= Beginning of Section =

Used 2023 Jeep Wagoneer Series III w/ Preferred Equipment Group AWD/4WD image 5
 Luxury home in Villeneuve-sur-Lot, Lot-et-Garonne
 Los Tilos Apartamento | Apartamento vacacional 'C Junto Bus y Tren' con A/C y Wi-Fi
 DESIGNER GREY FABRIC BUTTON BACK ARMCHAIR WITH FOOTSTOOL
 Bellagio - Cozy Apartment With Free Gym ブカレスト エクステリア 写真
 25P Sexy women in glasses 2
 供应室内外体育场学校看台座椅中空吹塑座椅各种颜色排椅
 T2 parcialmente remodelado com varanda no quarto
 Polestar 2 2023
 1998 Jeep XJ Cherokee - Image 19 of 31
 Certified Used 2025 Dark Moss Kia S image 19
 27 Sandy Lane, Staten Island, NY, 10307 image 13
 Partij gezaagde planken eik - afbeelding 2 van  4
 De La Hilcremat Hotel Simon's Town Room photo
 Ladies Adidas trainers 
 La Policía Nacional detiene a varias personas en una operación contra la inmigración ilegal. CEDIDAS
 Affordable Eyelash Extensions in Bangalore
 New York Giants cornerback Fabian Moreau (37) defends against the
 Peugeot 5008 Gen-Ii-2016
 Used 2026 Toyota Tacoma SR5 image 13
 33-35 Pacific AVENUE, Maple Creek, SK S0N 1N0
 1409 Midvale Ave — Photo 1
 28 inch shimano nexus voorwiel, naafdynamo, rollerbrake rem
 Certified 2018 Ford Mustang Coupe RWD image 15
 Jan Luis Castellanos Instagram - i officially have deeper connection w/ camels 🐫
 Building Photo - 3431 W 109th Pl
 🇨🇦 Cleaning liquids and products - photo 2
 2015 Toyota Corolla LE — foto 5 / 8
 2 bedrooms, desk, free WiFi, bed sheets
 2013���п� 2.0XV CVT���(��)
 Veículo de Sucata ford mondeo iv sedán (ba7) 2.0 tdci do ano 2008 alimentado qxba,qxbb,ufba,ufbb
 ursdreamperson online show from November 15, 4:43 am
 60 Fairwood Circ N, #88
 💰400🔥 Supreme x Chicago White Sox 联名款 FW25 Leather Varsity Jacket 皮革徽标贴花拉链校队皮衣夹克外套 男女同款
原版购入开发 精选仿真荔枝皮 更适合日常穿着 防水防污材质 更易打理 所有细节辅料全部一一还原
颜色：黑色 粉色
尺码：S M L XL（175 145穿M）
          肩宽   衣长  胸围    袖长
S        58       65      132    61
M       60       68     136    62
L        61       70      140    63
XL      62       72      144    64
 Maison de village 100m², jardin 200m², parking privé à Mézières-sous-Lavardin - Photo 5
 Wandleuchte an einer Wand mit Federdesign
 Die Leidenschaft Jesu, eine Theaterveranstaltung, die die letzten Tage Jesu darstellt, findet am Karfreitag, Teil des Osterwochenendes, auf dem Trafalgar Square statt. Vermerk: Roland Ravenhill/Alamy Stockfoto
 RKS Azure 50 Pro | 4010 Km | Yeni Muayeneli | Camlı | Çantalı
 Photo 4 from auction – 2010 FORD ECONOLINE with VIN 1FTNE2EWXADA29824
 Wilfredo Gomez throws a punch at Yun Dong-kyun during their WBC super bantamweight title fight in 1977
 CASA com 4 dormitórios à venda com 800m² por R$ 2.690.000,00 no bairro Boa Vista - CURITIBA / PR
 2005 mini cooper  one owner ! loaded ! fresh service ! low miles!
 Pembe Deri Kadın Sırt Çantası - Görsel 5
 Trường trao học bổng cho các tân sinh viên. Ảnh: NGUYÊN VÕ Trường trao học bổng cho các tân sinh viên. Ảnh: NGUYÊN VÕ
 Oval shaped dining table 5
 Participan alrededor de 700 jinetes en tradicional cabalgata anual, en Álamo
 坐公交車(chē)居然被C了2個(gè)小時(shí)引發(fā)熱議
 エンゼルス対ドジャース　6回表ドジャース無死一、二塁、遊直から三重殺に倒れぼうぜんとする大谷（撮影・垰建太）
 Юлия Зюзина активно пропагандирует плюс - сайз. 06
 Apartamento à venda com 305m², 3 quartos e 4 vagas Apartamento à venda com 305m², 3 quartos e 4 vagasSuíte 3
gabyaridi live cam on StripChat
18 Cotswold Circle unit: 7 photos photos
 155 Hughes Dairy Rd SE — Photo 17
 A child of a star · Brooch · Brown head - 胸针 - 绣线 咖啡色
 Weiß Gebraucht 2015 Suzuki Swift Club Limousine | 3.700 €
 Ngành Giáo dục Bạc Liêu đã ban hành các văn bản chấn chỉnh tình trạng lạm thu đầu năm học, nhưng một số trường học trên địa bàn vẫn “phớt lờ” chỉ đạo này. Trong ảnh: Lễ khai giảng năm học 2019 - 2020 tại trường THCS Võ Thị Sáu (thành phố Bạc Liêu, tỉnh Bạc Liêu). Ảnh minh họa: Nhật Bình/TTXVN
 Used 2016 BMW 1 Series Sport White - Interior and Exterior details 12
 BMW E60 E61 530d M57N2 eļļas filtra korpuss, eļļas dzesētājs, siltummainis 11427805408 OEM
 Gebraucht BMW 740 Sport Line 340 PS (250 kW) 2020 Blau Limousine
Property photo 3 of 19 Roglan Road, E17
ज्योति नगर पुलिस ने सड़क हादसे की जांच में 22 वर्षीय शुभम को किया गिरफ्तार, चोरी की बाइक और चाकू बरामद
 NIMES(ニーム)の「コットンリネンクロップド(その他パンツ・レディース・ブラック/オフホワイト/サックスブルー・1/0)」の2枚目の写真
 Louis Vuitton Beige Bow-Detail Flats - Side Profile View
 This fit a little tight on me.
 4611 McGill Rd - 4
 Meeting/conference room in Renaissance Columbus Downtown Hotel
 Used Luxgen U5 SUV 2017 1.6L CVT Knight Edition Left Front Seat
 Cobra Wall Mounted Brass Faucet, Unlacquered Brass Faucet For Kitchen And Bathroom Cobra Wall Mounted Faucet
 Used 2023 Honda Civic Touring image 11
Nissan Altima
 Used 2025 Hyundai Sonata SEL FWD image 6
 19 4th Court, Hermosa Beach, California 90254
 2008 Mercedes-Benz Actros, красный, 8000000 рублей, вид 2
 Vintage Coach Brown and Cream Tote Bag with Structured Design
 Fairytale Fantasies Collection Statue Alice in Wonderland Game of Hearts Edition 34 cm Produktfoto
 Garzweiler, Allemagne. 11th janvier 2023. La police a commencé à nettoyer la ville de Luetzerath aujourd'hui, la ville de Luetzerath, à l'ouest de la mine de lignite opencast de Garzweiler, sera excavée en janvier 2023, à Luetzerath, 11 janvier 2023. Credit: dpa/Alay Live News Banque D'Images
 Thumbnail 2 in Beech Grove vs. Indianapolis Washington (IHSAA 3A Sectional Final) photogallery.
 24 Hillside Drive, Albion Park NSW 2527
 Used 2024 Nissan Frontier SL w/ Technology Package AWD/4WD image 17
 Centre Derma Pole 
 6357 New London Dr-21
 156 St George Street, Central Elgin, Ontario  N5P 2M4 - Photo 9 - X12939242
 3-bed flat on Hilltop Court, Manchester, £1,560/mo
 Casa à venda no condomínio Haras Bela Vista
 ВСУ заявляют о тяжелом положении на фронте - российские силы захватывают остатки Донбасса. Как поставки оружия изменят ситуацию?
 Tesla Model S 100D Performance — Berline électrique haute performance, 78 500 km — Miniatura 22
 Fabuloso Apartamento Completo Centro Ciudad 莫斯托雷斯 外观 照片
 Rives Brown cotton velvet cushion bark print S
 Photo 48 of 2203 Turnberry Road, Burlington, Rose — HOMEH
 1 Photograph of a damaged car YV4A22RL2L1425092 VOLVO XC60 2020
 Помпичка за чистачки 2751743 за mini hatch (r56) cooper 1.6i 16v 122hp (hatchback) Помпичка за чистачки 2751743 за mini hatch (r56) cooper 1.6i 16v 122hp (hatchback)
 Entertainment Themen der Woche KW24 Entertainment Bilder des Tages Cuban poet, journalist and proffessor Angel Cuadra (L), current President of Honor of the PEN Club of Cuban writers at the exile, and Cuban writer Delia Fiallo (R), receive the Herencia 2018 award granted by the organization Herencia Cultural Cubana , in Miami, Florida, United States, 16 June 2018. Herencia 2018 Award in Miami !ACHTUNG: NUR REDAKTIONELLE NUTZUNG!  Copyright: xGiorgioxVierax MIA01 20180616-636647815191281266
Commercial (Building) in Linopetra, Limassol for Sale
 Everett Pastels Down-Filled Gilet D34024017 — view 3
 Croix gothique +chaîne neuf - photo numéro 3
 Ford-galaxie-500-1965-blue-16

= End of Section =

In the listing above, please print only the lines from the first one to the line where "Partij gezaagde planken" appears, exactly as written, both of those lines included.

Used 2023 Jeep Wagoneer Series III w/ Preferred Equipment Group AWD/4WD image 5
 Luxury home in Villeneuve-sur-Lot, Lot-et-Garonne
 Los Tilos Apartamento | Apartamento vacacional 'C Junto Bus y Tren' con A/C y Wi-Fi
 DESIGNER GREY FABRIC BUTTON BACK ARMCHAIR WITH FOOTSTOOL
 Bellagio - Cozy Apartment With Free Gym ブカレスト エクステリア 写真
 25P Sexy women in glasses 2
 供应室内外体育场学校看台座椅中空吹塑座椅各种颜色排椅
 T2 parcialmente remodelado com varanda no quarto
 Polestar 2 2023
 1998 Jeep XJ Cherokee - Image 19 of 31
 Certified Used 2025 Dark Moss Kia S image 19
 27 Sandy Lane, Staten Island, NY, 10307 image 13
 Partij gezaagde planken eik - afbeelding 2 van  4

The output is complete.